Encryption that’s impossible to detect—not government naivety, just government mendacity—why RIPA will be a success for the government, but not for the people!
Encryption that’s impossible to detect
Well, as is so often the case in life the guilty will go scot-free. Why? Well, there exist various methods of encrypting data in such a way that no forensic expert will ever be able to determine that the data is encrypted in the first place. Such software is readily available on the Internet, much of it for free. There are at least several million ordinary individuals worldwide who have downloaded and who make use of such software. Your teenage son may well have some installed on his PC. Now if ordinary individuals have access to such software, then you can be sure that organised groups of criminals and terrorists will also have access to it, and, indeed, will have access to even more sophisticated versions.
The availability of such software makes the government’s proposal to force individuals to hand over their encryption keys nothing less than a farce. Anyone who has anything worthwhile to hide will never be asked for his encryption keys since the encrypted files he possesses will never be found by forensic analysis.

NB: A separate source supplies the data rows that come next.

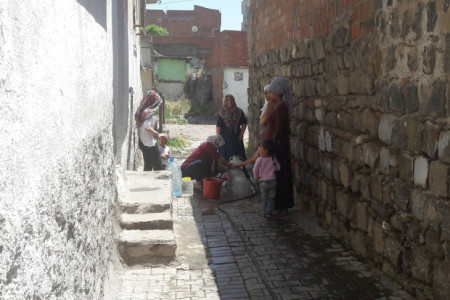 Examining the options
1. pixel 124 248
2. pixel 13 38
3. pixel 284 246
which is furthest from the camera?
pixel 284 246

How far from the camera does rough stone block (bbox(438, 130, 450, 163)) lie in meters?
2.92

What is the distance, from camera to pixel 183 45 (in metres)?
31.2

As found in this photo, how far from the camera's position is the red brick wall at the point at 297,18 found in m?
4.39

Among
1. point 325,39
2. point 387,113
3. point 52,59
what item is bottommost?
point 387,113

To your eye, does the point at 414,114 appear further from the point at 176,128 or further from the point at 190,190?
the point at 176,128

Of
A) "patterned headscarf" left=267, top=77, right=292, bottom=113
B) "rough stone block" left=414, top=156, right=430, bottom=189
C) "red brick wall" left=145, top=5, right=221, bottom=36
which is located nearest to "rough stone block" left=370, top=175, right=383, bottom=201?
"rough stone block" left=414, top=156, right=430, bottom=189

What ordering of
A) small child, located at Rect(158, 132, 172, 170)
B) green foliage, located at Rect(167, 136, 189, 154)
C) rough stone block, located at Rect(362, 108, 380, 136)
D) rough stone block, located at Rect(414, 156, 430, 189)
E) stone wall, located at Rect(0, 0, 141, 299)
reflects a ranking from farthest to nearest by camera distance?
1. green foliage, located at Rect(167, 136, 189, 154)
2. small child, located at Rect(158, 132, 172, 170)
3. rough stone block, located at Rect(362, 108, 380, 136)
4. rough stone block, located at Rect(414, 156, 430, 189)
5. stone wall, located at Rect(0, 0, 141, 299)

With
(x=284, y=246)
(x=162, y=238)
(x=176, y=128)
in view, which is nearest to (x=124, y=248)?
(x=162, y=238)

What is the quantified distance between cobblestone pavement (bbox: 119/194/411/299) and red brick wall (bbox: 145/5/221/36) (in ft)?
125

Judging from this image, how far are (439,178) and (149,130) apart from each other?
4.39 metres

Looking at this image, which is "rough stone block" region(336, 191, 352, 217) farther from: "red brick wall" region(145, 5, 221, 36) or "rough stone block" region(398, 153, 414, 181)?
"red brick wall" region(145, 5, 221, 36)

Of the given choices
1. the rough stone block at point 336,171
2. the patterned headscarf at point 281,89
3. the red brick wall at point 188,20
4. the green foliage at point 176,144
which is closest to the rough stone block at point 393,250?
the rough stone block at point 336,171

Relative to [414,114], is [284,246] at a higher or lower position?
lower

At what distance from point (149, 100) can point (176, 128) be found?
11.6 m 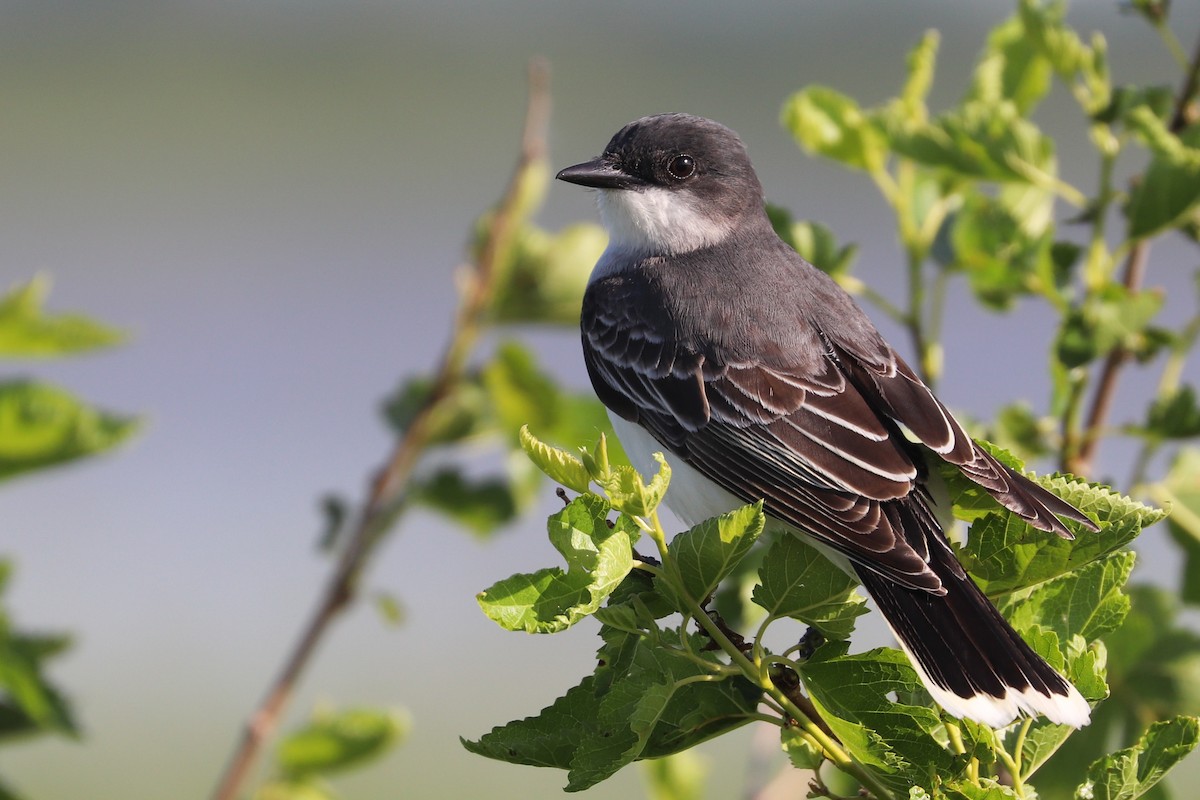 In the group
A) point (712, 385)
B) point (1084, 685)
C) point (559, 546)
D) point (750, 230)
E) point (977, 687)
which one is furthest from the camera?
point (750, 230)

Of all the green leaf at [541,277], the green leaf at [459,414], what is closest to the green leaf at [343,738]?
the green leaf at [459,414]

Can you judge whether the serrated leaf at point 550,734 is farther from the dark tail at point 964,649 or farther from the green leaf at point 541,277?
the green leaf at point 541,277

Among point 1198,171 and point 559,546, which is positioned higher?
point 1198,171

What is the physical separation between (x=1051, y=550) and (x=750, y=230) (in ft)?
7.14

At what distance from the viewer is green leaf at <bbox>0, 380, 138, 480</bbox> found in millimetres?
2885

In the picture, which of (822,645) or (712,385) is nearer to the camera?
(822,645)

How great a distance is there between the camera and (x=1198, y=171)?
11.6ft

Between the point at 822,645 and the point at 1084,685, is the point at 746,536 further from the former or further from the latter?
the point at 1084,685

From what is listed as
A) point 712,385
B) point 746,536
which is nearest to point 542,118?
point 712,385

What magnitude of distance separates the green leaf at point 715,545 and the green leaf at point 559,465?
19cm

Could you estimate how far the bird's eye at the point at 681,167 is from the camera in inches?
183

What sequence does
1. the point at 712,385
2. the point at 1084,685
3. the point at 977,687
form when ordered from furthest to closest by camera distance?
the point at 712,385, the point at 977,687, the point at 1084,685

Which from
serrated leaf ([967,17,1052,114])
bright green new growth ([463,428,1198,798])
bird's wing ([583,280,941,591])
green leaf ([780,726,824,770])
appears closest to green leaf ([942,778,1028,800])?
bright green new growth ([463,428,1198,798])

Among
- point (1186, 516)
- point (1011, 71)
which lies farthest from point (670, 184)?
point (1186, 516) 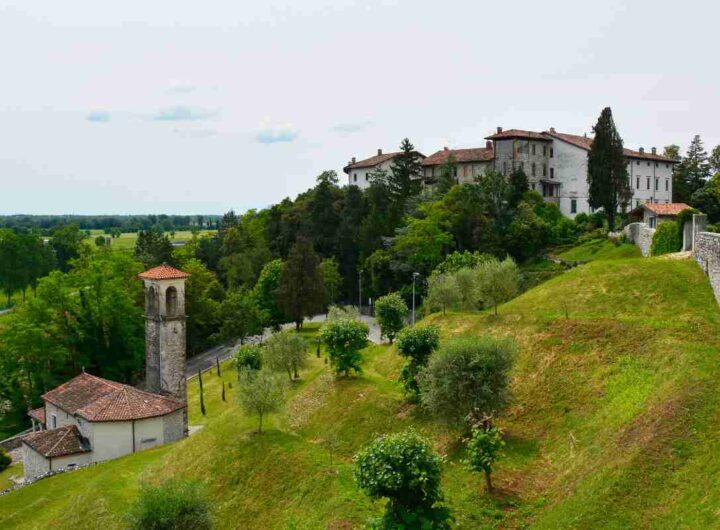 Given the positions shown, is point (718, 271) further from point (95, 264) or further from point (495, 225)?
point (95, 264)

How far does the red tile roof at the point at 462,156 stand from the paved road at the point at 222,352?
24.2 metres

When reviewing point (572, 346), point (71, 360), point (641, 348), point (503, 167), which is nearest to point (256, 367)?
point (71, 360)

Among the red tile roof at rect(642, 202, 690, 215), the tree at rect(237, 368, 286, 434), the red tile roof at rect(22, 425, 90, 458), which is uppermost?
the red tile roof at rect(642, 202, 690, 215)

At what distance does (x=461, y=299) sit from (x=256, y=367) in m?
15.9

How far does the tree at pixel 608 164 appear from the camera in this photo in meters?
66.8

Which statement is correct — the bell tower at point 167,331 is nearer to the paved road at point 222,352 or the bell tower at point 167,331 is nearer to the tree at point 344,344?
the tree at point 344,344

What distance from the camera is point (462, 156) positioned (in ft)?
294

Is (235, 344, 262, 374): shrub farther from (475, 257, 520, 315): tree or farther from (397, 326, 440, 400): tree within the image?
(397, 326, 440, 400): tree

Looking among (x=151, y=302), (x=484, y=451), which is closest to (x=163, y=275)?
(x=151, y=302)

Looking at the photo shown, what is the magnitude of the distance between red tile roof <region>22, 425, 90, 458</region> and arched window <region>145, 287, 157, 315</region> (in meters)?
9.91

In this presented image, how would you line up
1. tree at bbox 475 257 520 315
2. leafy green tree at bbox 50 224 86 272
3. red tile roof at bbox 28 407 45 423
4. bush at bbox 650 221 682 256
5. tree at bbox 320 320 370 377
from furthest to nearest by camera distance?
leafy green tree at bbox 50 224 86 272, red tile roof at bbox 28 407 45 423, bush at bbox 650 221 682 256, tree at bbox 475 257 520 315, tree at bbox 320 320 370 377

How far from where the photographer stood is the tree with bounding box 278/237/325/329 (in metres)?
72.8

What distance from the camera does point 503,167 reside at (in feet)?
274

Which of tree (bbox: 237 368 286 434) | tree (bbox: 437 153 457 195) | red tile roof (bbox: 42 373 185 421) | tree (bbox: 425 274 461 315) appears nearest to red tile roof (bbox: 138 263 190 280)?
red tile roof (bbox: 42 373 185 421) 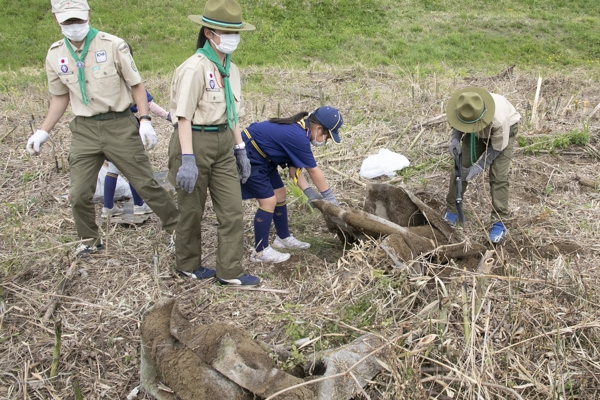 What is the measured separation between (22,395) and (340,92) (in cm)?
620

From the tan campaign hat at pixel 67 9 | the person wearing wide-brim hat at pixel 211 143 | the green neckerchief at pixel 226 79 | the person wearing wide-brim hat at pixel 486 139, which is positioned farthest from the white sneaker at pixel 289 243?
the tan campaign hat at pixel 67 9

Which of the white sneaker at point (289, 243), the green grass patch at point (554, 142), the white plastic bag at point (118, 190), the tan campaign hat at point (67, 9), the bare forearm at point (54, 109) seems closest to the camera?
the tan campaign hat at point (67, 9)

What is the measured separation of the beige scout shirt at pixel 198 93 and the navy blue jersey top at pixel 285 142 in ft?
1.36

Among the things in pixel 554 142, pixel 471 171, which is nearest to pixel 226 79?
pixel 471 171

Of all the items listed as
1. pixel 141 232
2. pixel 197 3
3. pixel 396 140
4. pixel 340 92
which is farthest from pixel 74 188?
pixel 197 3

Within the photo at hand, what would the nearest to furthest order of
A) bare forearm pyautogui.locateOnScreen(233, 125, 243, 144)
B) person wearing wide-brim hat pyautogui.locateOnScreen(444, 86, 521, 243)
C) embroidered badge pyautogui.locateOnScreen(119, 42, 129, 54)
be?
bare forearm pyautogui.locateOnScreen(233, 125, 243, 144) < embroidered badge pyautogui.locateOnScreen(119, 42, 129, 54) < person wearing wide-brim hat pyautogui.locateOnScreen(444, 86, 521, 243)

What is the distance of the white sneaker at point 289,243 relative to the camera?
4.05 metres

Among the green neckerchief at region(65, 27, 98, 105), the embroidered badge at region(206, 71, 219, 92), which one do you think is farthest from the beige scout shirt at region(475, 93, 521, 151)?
the green neckerchief at region(65, 27, 98, 105)

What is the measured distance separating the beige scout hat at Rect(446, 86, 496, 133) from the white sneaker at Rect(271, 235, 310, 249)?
151 centimetres

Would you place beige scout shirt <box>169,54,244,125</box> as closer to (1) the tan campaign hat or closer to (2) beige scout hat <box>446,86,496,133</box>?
(1) the tan campaign hat

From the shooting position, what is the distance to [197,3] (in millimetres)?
15203

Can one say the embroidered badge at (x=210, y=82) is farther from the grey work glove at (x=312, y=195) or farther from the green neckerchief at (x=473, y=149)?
the green neckerchief at (x=473, y=149)

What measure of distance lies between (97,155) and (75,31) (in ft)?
2.74

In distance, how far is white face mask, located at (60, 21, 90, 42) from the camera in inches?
131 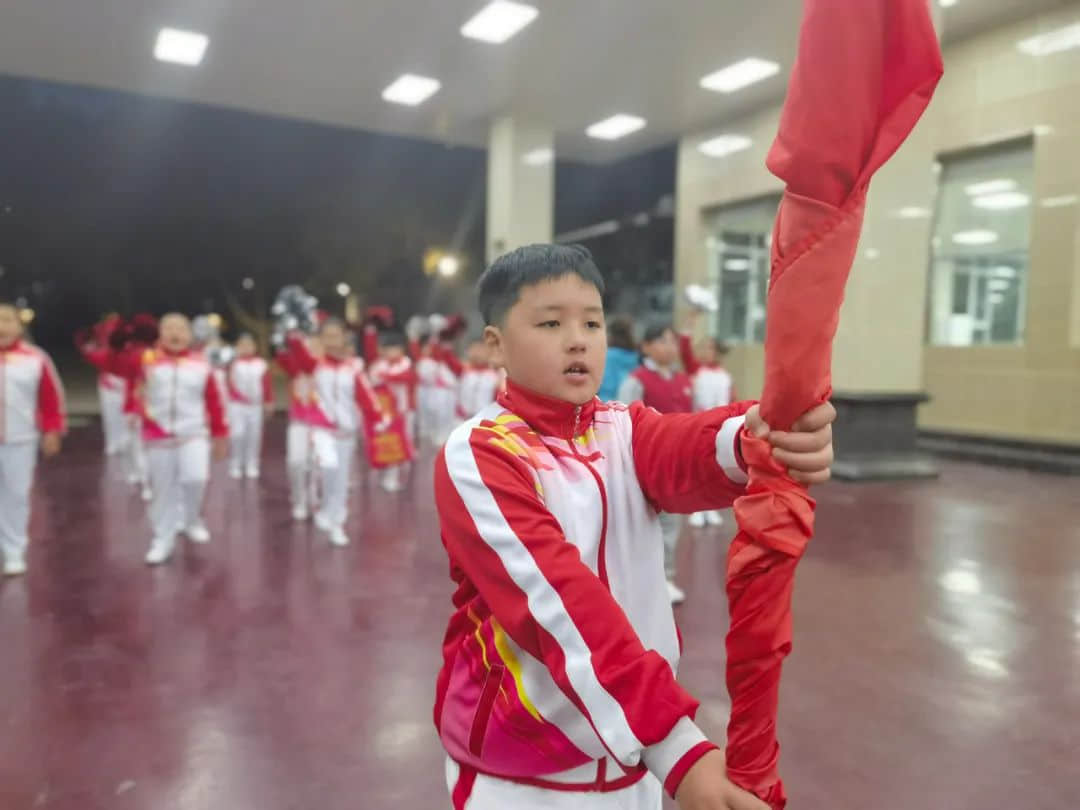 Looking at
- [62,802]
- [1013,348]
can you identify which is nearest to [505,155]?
[1013,348]

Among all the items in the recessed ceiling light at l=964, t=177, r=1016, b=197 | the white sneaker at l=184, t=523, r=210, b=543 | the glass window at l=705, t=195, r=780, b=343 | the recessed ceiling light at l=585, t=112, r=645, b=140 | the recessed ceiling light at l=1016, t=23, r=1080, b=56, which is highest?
the recessed ceiling light at l=1016, t=23, r=1080, b=56

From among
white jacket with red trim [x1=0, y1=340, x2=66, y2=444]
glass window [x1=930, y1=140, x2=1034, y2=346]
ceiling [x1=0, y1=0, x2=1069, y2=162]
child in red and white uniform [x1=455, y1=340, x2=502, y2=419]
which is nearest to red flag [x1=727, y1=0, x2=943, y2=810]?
white jacket with red trim [x1=0, y1=340, x2=66, y2=444]

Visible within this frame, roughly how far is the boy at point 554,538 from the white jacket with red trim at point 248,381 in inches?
330

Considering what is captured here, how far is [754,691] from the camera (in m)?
0.89

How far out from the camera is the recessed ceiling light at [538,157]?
41.3 feet

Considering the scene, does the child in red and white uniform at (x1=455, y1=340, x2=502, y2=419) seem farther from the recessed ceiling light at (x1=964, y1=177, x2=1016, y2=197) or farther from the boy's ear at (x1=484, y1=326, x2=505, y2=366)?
the boy's ear at (x1=484, y1=326, x2=505, y2=366)

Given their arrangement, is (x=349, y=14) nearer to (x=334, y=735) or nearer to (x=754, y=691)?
(x=334, y=735)

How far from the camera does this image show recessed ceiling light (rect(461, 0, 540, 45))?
8.67 meters

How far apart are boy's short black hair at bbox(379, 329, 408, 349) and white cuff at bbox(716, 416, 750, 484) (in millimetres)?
7440

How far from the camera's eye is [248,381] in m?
9.18

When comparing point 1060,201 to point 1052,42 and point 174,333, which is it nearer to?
point 1052,42

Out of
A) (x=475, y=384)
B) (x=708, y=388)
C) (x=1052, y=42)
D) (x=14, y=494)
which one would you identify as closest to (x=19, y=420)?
(x=14, y=494)

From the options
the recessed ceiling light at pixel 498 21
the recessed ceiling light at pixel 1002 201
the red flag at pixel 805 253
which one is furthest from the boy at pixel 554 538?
the recessed ceiling light at pixel 1002 201

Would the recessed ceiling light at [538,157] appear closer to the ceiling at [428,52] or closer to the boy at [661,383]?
the ceiling at [428,52] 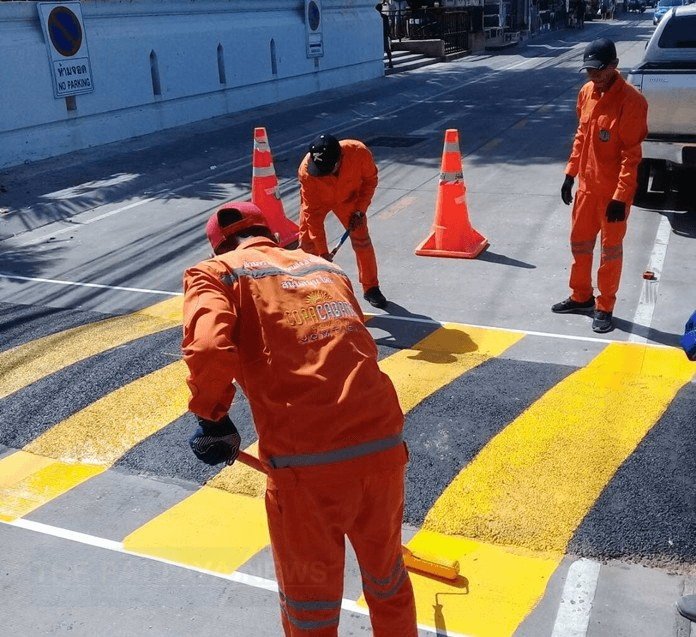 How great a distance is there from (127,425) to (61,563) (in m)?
1.44

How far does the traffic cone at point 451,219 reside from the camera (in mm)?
8438

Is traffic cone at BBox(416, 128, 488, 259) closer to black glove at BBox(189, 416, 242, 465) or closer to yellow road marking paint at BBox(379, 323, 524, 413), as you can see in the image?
yellow road marking paint at BBox(379, 323, 524, 413)

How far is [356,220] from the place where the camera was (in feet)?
A: 23.0

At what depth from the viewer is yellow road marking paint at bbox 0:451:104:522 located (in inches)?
179

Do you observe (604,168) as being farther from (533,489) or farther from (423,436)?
(533,489)

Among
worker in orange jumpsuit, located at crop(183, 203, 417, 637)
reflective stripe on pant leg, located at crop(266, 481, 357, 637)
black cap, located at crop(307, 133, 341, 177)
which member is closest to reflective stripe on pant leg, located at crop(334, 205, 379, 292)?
black cap, located at crop(307, 133, 341, 177)

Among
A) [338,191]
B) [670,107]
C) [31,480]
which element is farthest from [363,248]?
[670,107]

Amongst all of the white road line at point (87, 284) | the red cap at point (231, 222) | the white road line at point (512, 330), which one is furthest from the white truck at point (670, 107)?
the red cap at point (231, 222)

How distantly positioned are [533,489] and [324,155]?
3.24 m

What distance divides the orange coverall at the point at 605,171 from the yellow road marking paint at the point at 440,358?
32.0 inches

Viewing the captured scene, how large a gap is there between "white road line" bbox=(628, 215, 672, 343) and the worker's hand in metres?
2.36

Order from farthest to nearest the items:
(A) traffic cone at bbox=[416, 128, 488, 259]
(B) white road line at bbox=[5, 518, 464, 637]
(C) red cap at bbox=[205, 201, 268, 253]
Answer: (A) traffic cone at bbox=[416, 128, 488, 259]
(B) white road line at bbox=[5, 518, 464, 637]
(C) red cap at bbox=[205, 201, 268, 253]

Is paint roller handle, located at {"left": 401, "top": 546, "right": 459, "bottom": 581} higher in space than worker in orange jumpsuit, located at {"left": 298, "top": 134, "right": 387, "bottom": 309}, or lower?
lower

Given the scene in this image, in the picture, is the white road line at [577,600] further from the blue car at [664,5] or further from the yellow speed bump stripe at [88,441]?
the blue car at [664,5] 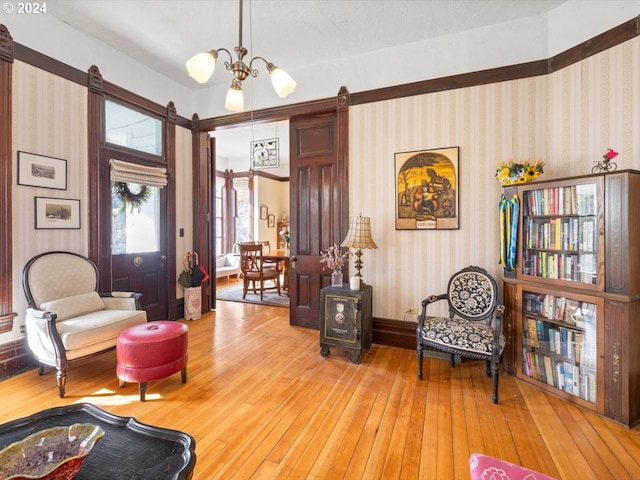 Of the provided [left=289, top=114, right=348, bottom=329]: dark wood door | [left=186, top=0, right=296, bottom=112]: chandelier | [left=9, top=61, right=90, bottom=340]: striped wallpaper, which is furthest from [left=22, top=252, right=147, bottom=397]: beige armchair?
[left=186, top=0, right=296, bottom=112]: chandelier

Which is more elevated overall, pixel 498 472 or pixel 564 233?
pixel 564 233

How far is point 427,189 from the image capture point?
3.48 m

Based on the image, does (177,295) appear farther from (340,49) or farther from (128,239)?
(340,49)

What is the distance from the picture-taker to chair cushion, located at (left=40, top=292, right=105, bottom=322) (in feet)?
9.22

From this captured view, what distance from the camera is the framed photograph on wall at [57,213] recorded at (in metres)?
3.11

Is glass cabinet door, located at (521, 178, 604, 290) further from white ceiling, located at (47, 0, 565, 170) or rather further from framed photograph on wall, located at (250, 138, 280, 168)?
framed photograph on wall, located at (250, 138, 280, 168)

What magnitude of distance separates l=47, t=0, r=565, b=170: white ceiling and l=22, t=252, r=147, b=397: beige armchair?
247 centimetres

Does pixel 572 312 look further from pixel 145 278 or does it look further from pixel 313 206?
pixel 145 278

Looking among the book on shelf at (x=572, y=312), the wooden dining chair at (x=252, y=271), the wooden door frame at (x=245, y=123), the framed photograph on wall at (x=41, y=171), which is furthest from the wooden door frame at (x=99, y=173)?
the book on shelf at (x=572, y=312)

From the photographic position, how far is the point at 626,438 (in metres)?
2.04

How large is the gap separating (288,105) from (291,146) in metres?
0.52

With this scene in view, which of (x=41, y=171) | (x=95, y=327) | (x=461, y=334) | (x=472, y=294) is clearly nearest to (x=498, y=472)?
(x=461, y=334)

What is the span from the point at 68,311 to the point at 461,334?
3.51 metres

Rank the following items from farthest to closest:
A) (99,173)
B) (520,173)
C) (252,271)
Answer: (252,271)
(99,173)
(520,173) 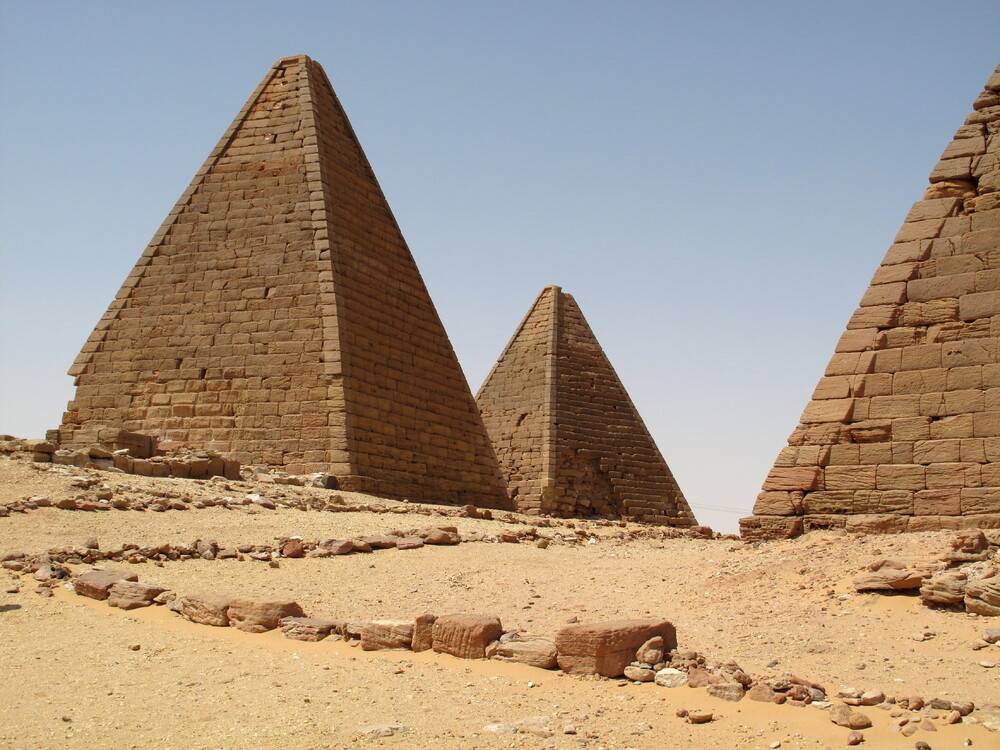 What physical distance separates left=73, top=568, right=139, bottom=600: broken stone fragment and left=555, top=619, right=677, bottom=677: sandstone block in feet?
11.2

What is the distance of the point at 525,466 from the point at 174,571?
48.9 ft

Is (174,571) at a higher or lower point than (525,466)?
lower

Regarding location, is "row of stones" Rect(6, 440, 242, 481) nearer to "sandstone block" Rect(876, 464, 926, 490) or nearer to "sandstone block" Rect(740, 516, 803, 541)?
"sandstone block" Rect(740, 516, 803, 541)

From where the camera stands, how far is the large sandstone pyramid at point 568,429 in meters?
22.9

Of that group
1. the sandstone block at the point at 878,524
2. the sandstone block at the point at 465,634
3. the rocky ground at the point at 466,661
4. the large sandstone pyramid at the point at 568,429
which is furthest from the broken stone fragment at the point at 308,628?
the large sandstone pyramid at the point at 568,429

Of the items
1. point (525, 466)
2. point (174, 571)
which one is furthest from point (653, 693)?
point (525, 466)

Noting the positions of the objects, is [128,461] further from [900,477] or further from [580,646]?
[580,646]

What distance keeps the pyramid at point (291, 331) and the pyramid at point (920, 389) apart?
6.99 metres

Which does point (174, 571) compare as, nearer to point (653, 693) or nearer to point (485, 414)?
point (653, 693)

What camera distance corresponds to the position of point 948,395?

So the only effect of this legislation will be that some Granny from Greenwich with a touch of Alzheimer’s will get two years in prison because she’s forgotten her password to www.theknittingcircle.com.
The Hidden Purpose
Now it’s not credible to believe that Blair’s government doesn’t know that the proposed legislation will be totally ineffective. Her Majesty's Secret Service will have briefed government ministers on the capabilities of information hiding techniques such as “steganography” and “hidden volumes”. But, as with the case of the Iraq war and the “dodgy dossier”, Blair only wants to hear what he can sell. Fortunately for him, with the aid of a few carefully selected experts of dubious provenance, it is easy to fool the public in general, and parliamentary committees in particular, regarding the need for, and the likely success of, the proposed legislation.
The Success Story
Should RIPA Part 3 come into effect we will doubtless hear of trumped up success stories. Some foolish 16 year old in Bradford will write something incendiary about Blair on his Windows PC using the EFS encryption provided as standard on Windows NTFS filesystem volumes. He’ll be asked to hand over his password. And then some dim-witted chief constable will proclaim that RIPA is a success story. And he will be correct in his assessment. It will have been a success story because the media, blinded by science, will in reporting such stories help to convince a sceptical public that Blair’s government is actually protecting them from terrorists.